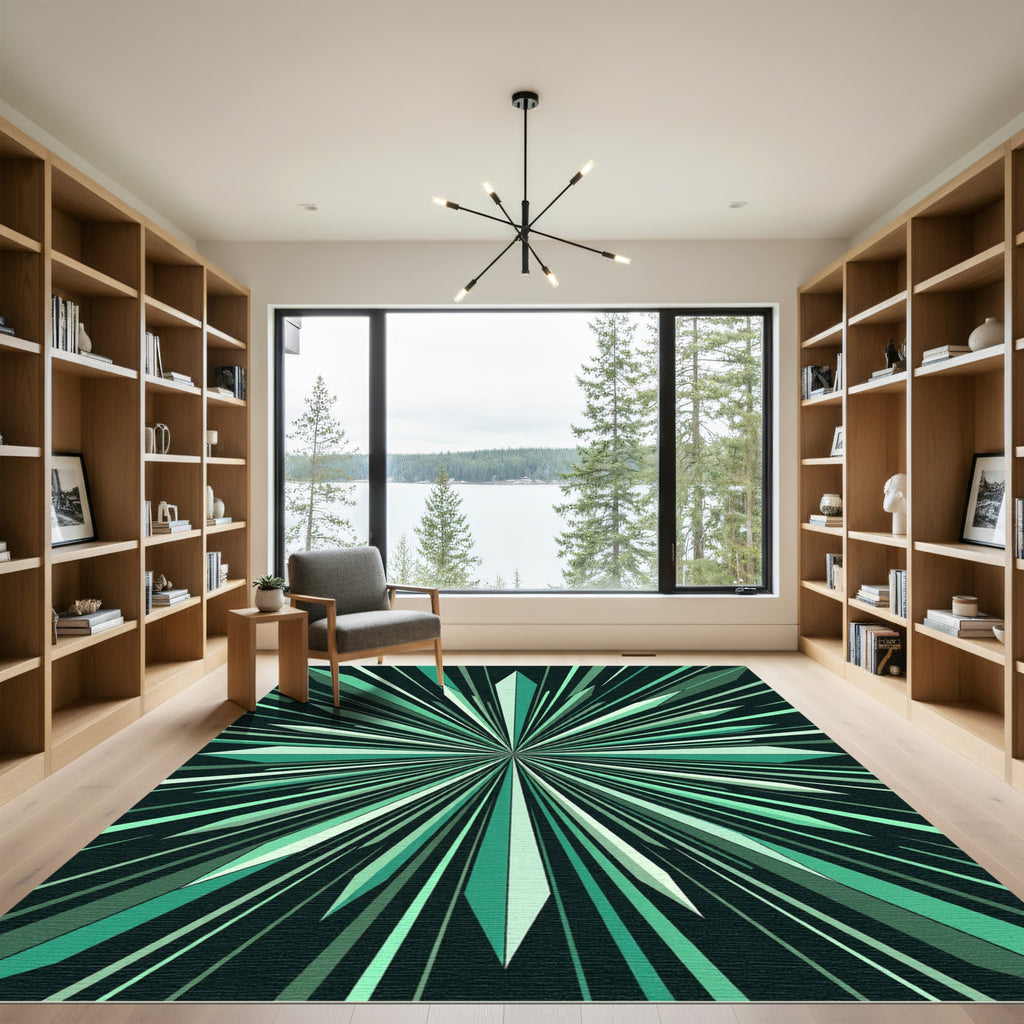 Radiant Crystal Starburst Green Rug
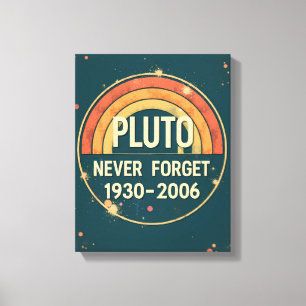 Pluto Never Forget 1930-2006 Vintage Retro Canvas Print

--

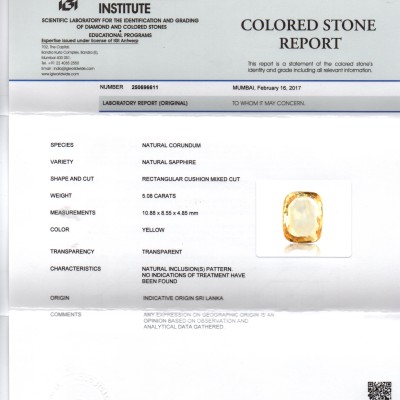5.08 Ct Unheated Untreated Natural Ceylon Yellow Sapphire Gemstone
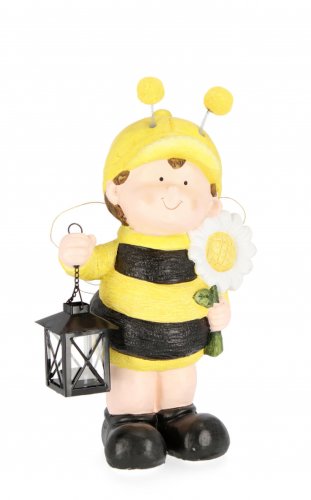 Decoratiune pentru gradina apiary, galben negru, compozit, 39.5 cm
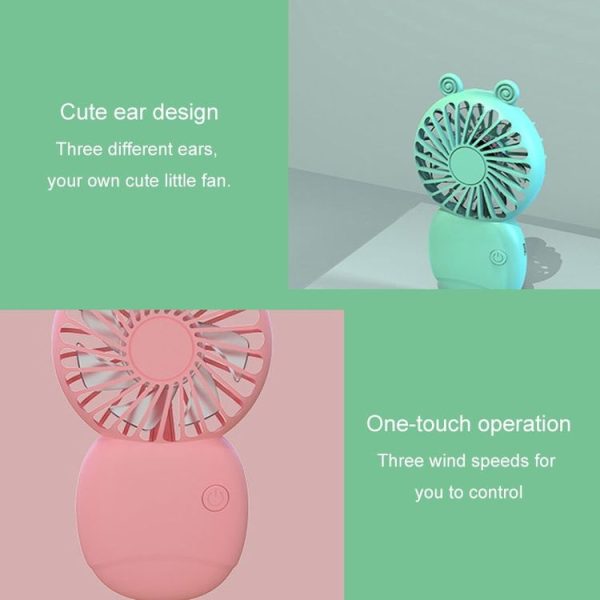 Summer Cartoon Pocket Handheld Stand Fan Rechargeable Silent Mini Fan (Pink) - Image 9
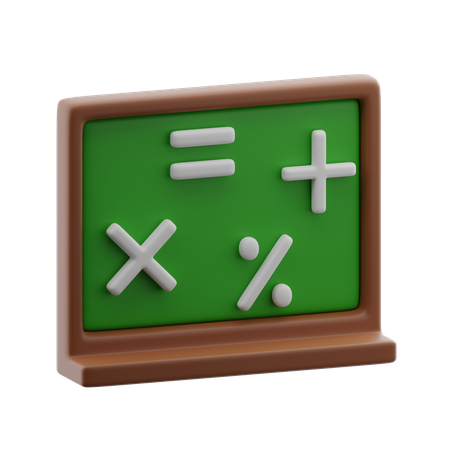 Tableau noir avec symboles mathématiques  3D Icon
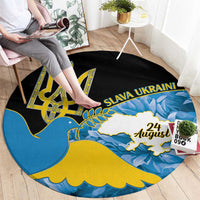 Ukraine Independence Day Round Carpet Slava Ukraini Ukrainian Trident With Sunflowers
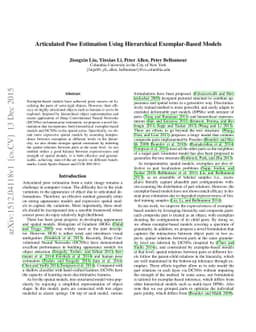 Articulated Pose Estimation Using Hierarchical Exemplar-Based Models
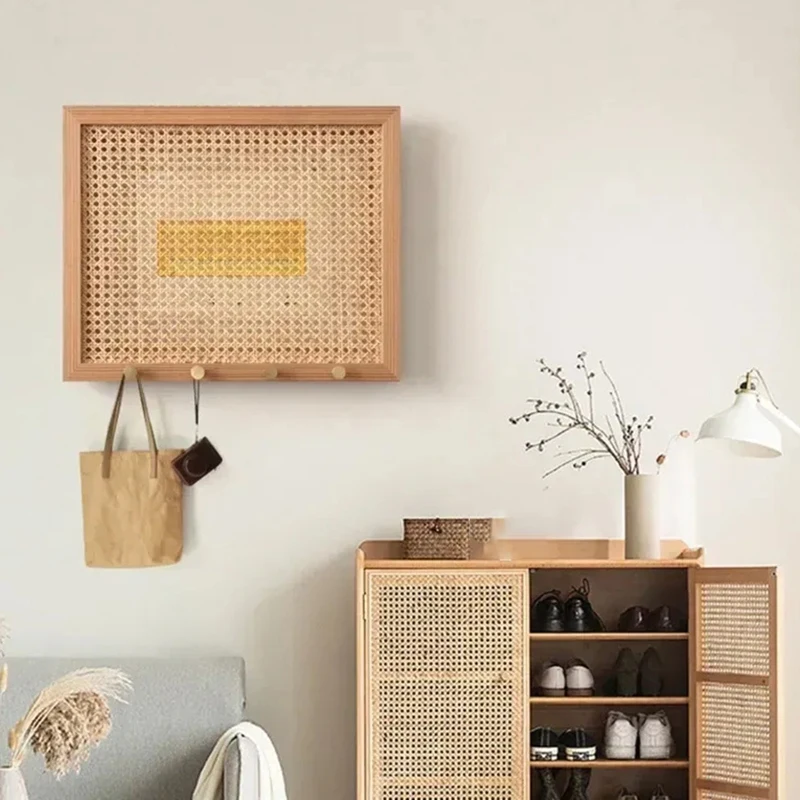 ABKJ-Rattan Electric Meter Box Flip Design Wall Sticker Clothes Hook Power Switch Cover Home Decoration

---

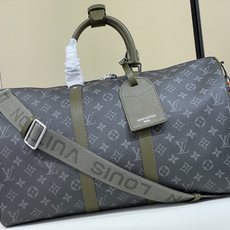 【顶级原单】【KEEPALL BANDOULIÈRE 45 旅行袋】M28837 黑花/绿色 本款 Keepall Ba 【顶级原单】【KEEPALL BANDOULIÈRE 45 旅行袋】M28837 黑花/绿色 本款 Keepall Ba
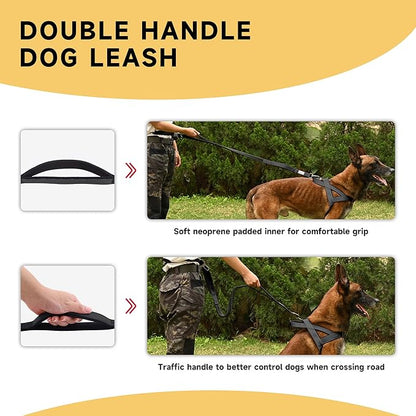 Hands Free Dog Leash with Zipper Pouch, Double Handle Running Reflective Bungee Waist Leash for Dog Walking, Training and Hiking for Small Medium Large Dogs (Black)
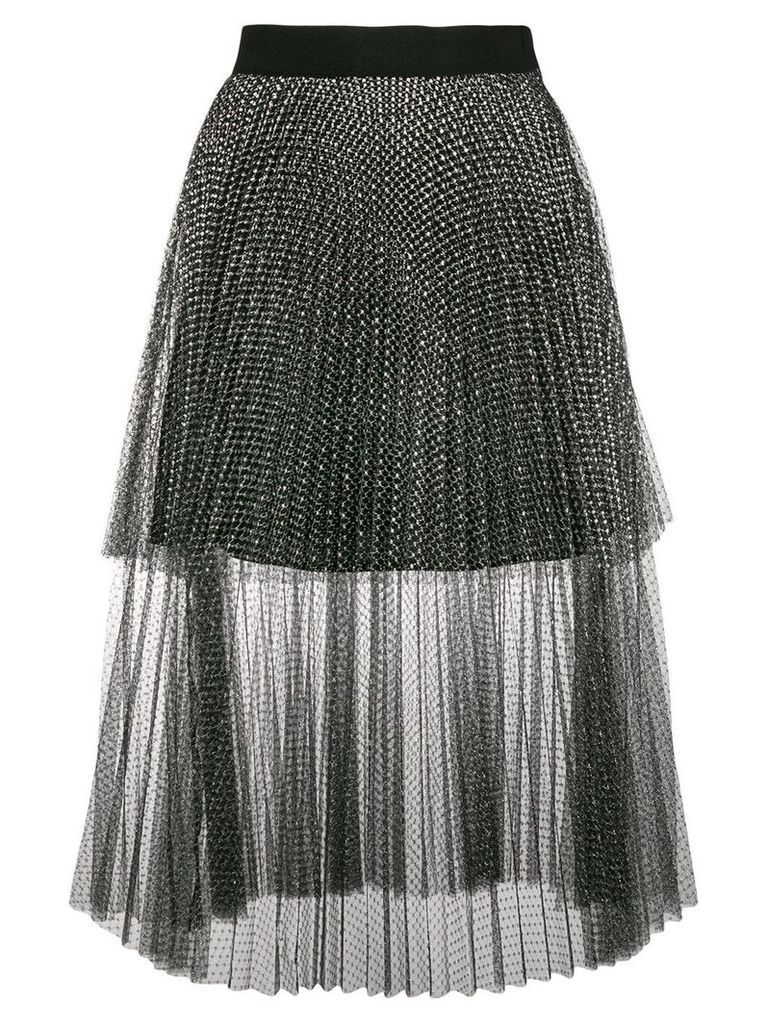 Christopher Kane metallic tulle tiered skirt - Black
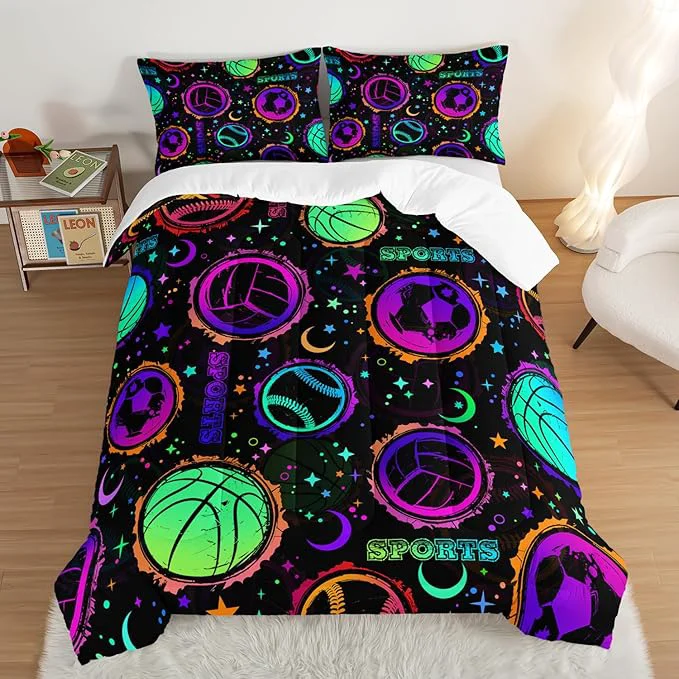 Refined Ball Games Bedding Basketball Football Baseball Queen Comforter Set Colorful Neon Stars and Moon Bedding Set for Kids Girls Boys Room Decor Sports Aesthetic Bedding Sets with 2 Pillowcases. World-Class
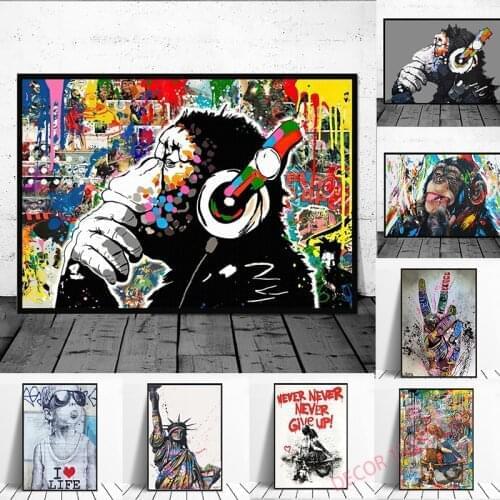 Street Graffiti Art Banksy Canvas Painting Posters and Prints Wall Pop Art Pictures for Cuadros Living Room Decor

### EXERCISE OBJECTIVE
Give back the exact lines above, running from the one that has "Ukraine Independence Day" through the one that has "ABKJ-Rattan Electric Meter", with nothing added and no pictures.

### OUTPUT OF THE TASK
 Ukraine Independence Day Round Carpet Slava Ukraini Ukrainian Trident With Sunflowers
 Articulated Pose Estimation Using Hierarchical Exemplar-Based Models
 ABKJ-Rattan Electric Meter Box Flip Design Wall Sticker Clothes Hook Power Switch Cover Home Decoration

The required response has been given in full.